Pénélope Larzillière: «Cuando las militantes se integran en la violencia, se considera una doble transgresión»

Pénélope Larzillière is a social scientist, research fellow at the Institute for Research on Development (Paris), and associate fellow at the School of Advanced Studies in Social Sciences (Paris). Her research focuses thematically on political commitment, activism, narratives and ideologies, including extreme forms of repertoires of violence and action. She has carried out extensive field research in the Middle East (Palestinian Territories, Jordan, Lebanon).

Trabaja sobre el compromiso político y la militancia en Oriente Próximo. ¿Cómo ve las evoluciones actuales de esta militancia en relación con las cuestiones de la violencia?

La violencia política marca, en efecto, las formas de militancia y el compromiso político en Oriente Próximo. Violencia de la coerción y la represión: se trata de una militancia bajo regímenes autoritarios o en contextos coercitivos y, cuando se reconstituyen las trayectorias de los militantes de distintas tendencias políticas, la relación con las primeras experiencias vividas de violencia política, por ejemplo, al pasar por los puntos de control, por presentar un ejemplo palestino, deja una profunda huella. Violencia igualmente de las formas de acción que pueden poner en marcha las organizaciones de militantes.

Por ello, y a pesar de la violencia de estos contextos, no hay que reducir la militancia y el compromiso político en estos países. Las revueltas árabes hicieron visibles otras formas de acción, que no aparecieron, por otra parte, en aquel momento, sino que no estaban en primera plana: huelgas o manifestaciones y, de modo más reciente, ocupaciones de plazas. Se puede observar igualmente la importancia que ha adquirido el arte de protesta. El compromiso de los artistas durante las revueltas ha sido especialmente visible. Han contribuido a dar sentido y a simbolizar la experiencia revolucionaria, a crear significados compartidos y a dar visibilidad a los movimientos más allá del mundo árabe.

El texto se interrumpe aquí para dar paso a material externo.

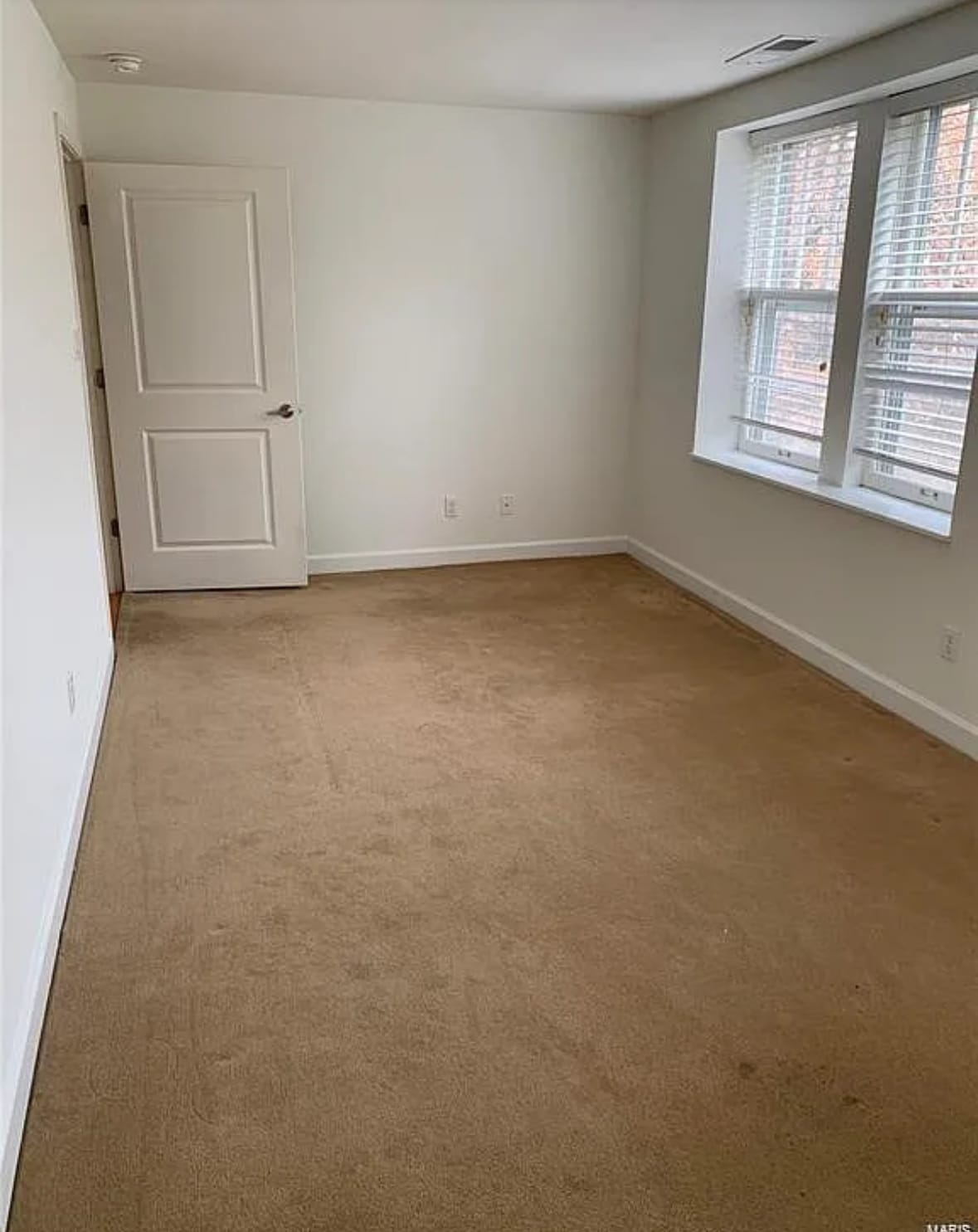 Spacious bedroom with walk-in closet - 5350 Pershing Ave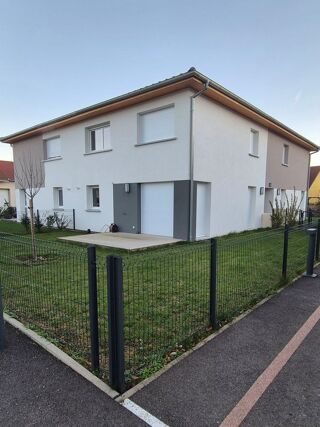  Duplex/triplex  vendre 5 pices 82 m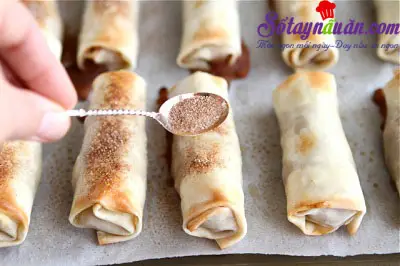 C&aacute;ch l&agrave;m b&aacute;nh t&aacute;o phi&ecirc;n bản chả gi&ograve; cuốn độc đ&aacute;o 8
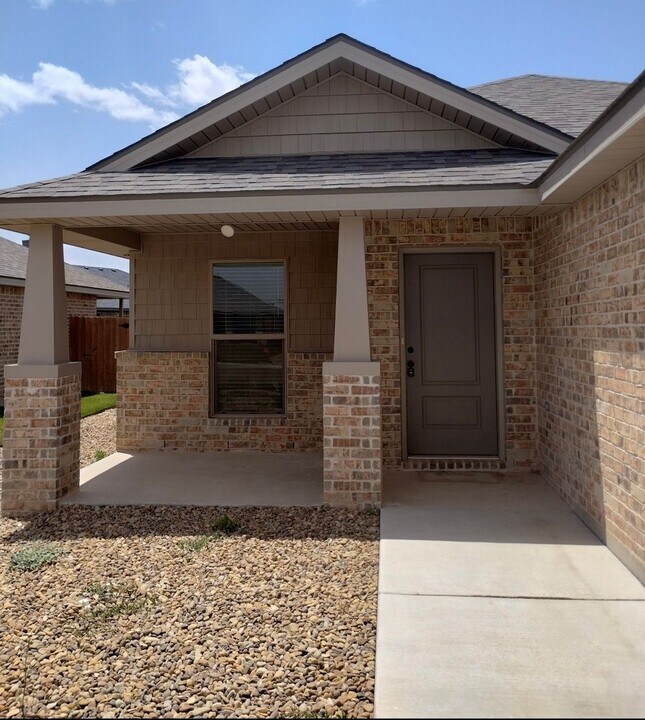 6660 Athens St in Amarillo, TX - Foto de edificio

Pero las revueltas árabes han mostrado, a un alto precio, la dificultad de estas formas de acción frente a una represión especialmente violenta: el caso sirio constituye de nuevo un ejemplo trágico.

 

¿Cuál ha sido aquí el lugar de las mujeres en las organizaciones militantes? ¿Existen características específicas?

Las construcciones de género influyen en la militancia; en menor medida, en lo relativo a los fines políticos planteados que al lugar que ocupan las mujeres en las movilizaciones. En los discursos de las mujeres militantes, se tratan temas transversales, como la lucha contra el autoritarismo político, la opresión, la ocupación o el imperialismo; si hablamos aquí de manera general, las prioridades varían, por supuesto, según las organizaciones y los países. En cambio, las militantes experimentan dificultades específicas dentro de las organizaciones, y esto no se limita al mundo árabe, para que su lucha y participación sean reconocidas con el mismo valor que las de los hombres, así como para ascender en la jerarquía de las organizaciones. A menudo, se considera que las secciones feministas de las organizaciones deben estar aparte, especialmente en las organizaciones islamistas, donde deberían tratar ante todo «cuestiones femeninas»: educación o asistencia y beneficencia, por ejemplo. Si se relacionan las luchas para la mejora de la situación de las mujeres y las luchas de emancipación política, en la práctica, se definen prioridades, sobre todo, en las luchas nacionalistas. Se han llevado a cabo debates: ¿una agenda feminista refuerza o, por el contrario, debilita la causa nacional a corto plazo? Por otra parte, el modo en el que se ha utilizado la situación de las mujeres en el mundo árabe como argumento para intervenciones extranjeras y se asocia a un imaginario neoorientalista, no facilita estas luchas, sospechosas o acusadas por algunos de hacerle el juego a un imperialismo occidental y de contribuir a crear dificultades en su propia sociedad.

 

¿Y en lo que concierne a la relación con la violencia?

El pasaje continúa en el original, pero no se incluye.